Under Haynes, the Dodge company went along successfully if uneventfully until 1925, when the Dodge widows sold the company to Dillon, Read and Company of New York for a reported 100 to 125 million dollars in cash and about 50 million in securities. 35 Haynes's principal achievement was to put Dodge firmly in the motor truck business by joining forces with the Graham Brothers, Joseph C., Robert C., and Ray A. This was a family which had begun with a glass-manufacturing business in 1901, using machines invented by Joseph. Ray, the youngest of the brothers, was graduated from the University of Illinois in 1908, and, while he was managing the family's farm properties, became interested in designing a light-weight motor truck. 36 He first designed a rear axle which could be used with a Ford frame. Then the glass company was merged with the Owens Bottle of Toledo [so that the Grahams flater became major participants in Libbey Owens], and the rest of the brothers went with Ray to establish a factory in Evansville, Indiana, to build truck cabs and bodies.

In 1921, the Grahams made an arrangement with the Dodge company whereby they manufactured trucks in Detroit under the Graham name but used Dodge engines and transmissions and marketed the vehicles exclusively through Dodge dealers.

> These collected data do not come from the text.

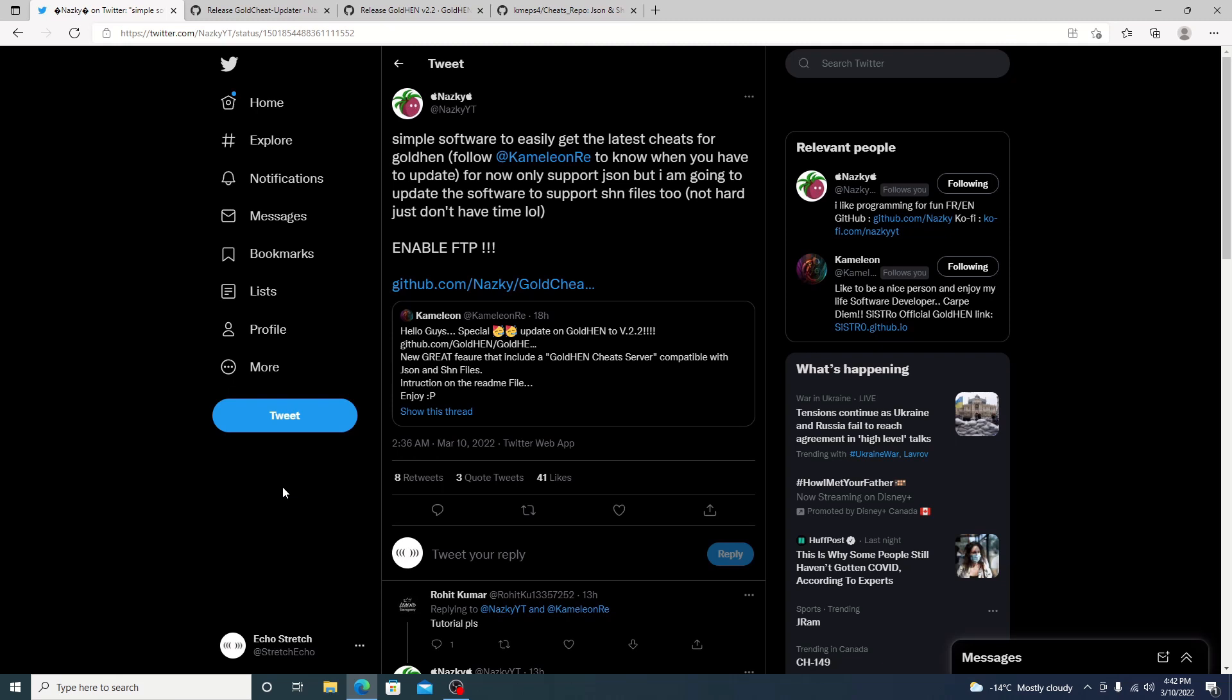Now your FTP needs to be enabled. But yeah, other than that, it's so simple. Let's jump right into it. I will leave a link in the description. Go ahead and check out NASCE and download the Gold Cheater.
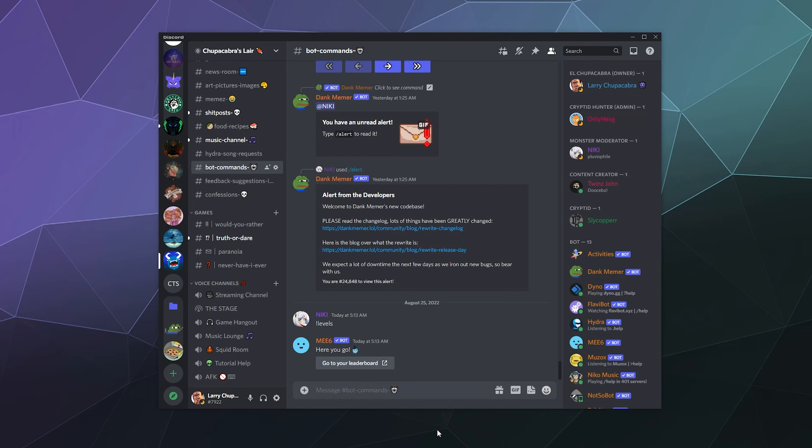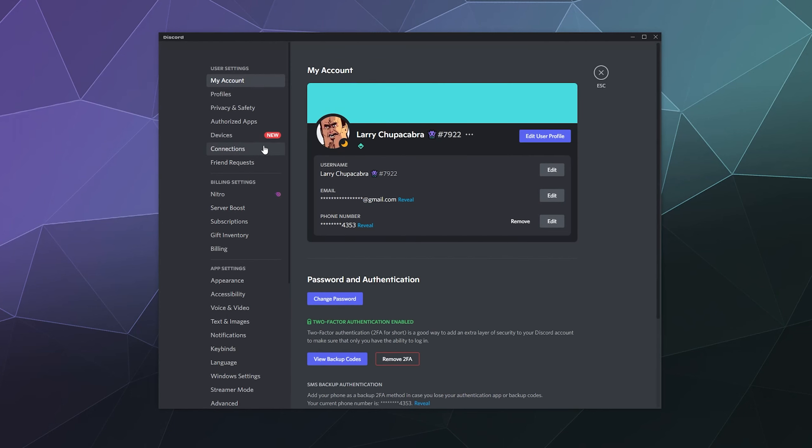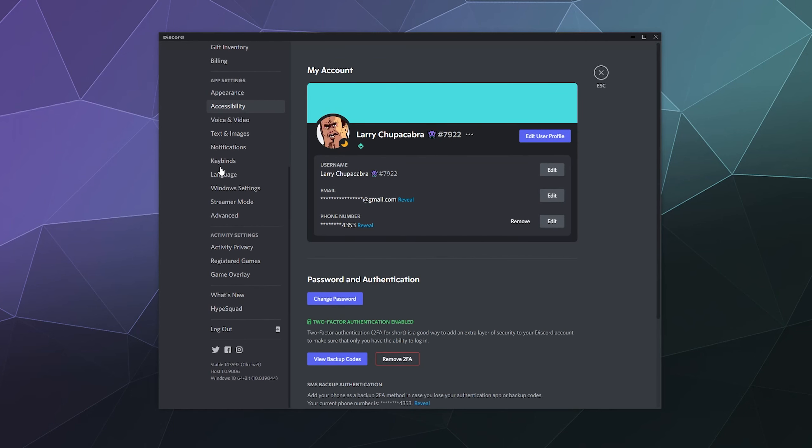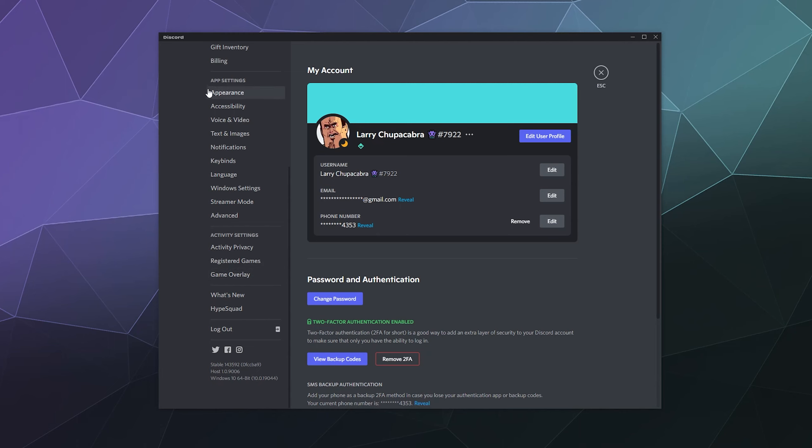To turn this off, all you have to do is go to the lower left-hand corner to your user settings. It's this little gear right here. Then, inside of all of your personal settings here, you want to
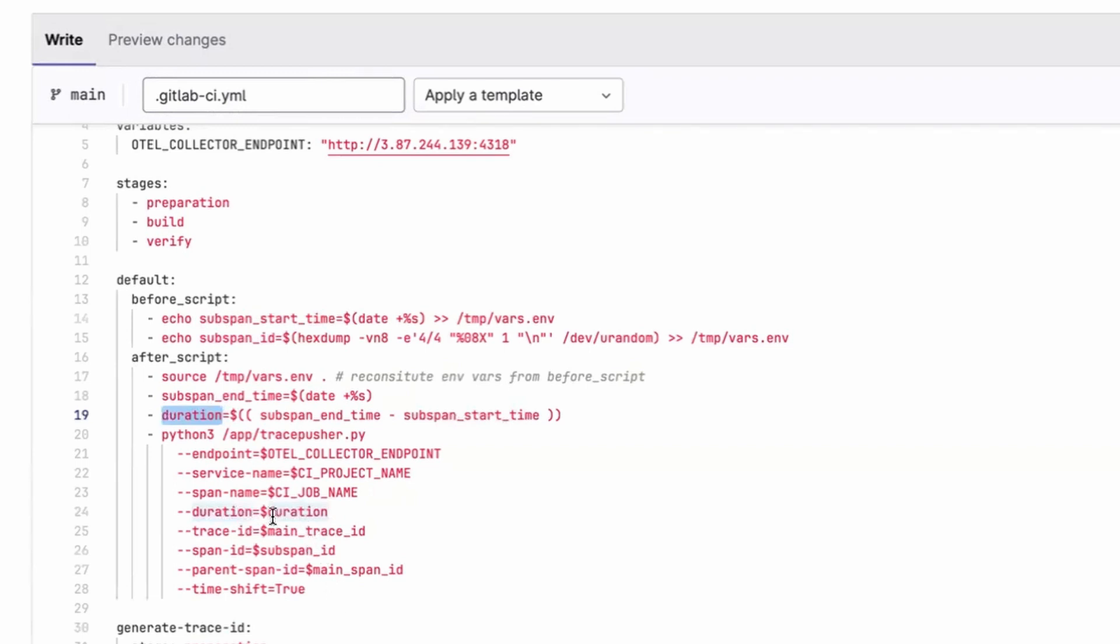making sure that we give it a trace ID and a parent span ID. So those two fields are how the subspan will eventually correlate back to the main span.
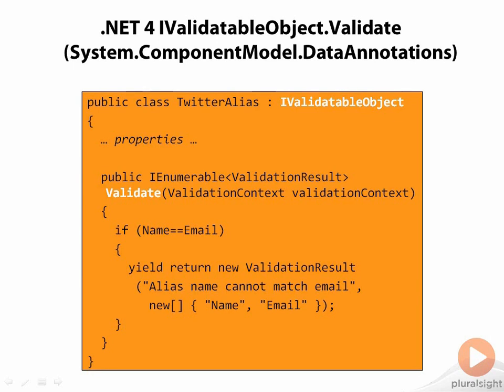Here's a bit of code showing the TwitterAlias class implementing the interface along with the validate method. I've got one simple rule in there, checking to see if the name matches the email address. If they do, that's bad, and so the method returns a validation result.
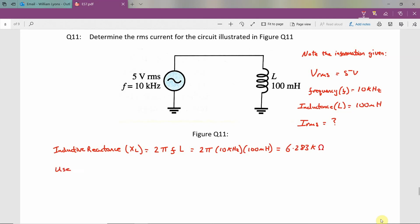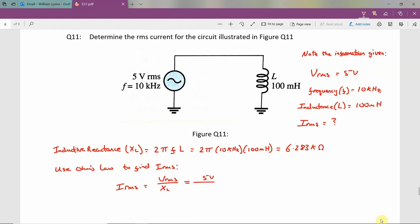Next, we can use Ohm's law to find the RMS current, IRMS. So IRMS is equal to your voltage RMS divided by your inductive reactance, XL. Plugging in the values, that's 5 volts divided by 6.283 kilo ohms. This results in a value of IRMS equal to 796 microamps.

To keep this association intact, Dodge bought a majority interest in the Graham Brothers Truck Company six months after its own sale to Dillon, Read. The Grahams then became officials of Dodge Brothers, Ray as general manager, Joseph as vice president in charge of manufacturing, and Robert as sales manager, with John R. Lee, formerly of Ford and Wills Sainte Claire, as his assistant. Haynes remained as president.

This arrangement dissolved six months later. Haynes became chairman of the board and was replaced as president by Edward G. Wilmer, a lawyer who had been an official of various industrial corporations and had recently distinguished himself by reorganizing the Goodyear Tire and Rubber Company--also in behalf of Dillon, Read and Company. At the same time, the Graham brothers sold the rest of their truck company stock to Dodge and withdrew completely from the Dodge organization. The reasons for this upheaval are unexplained. It was announced at the time that Haynes had wanted to retire from active management earlier but had stayed on at the request of the Dodge family and later of the banking house, and this could well have been so.

The same explanation will not work for the Grahams. They may have had disagreements with the bankers, or they may simply not have wanted to stay with Dodge as subordinates. It would have been an unaccustomed role for them. At any rate, they returned to automobile manufacturing on their own a year later by buying the Paige-Detroit Motor Car Company and converting it into Graham-Paige.

Dillon, Read and Company's intention all along was undoubtedly to hold the Dodge firm only until it could find a suitable buyer. If the banking house entertained any ideas about running the company itself, they were dissipated in 1927 when Dodge, although still one of the top sellers, lost ground to its competitors and the company paid no dividend on its common stock. So, in the spring of 1928, Clarence Dillon approached Walter Chrysler on the subject of purchasing the Dodge concern. It was an interesting bargaining situation. Chrysler wanted to buy, and Dillon knew it; Dillon wanted to sell, and Chrysler knew it. So they haggled, each trying to appear indifferent but each in fact eager to make a deal. In the end, an agreement was reached whereby the Chrysler Corporation acquired Dodge Brothers for $170,000,000 in Chrysler stock and the assumption of various Dodge liabilities including $56,276,000 in debenture bonds.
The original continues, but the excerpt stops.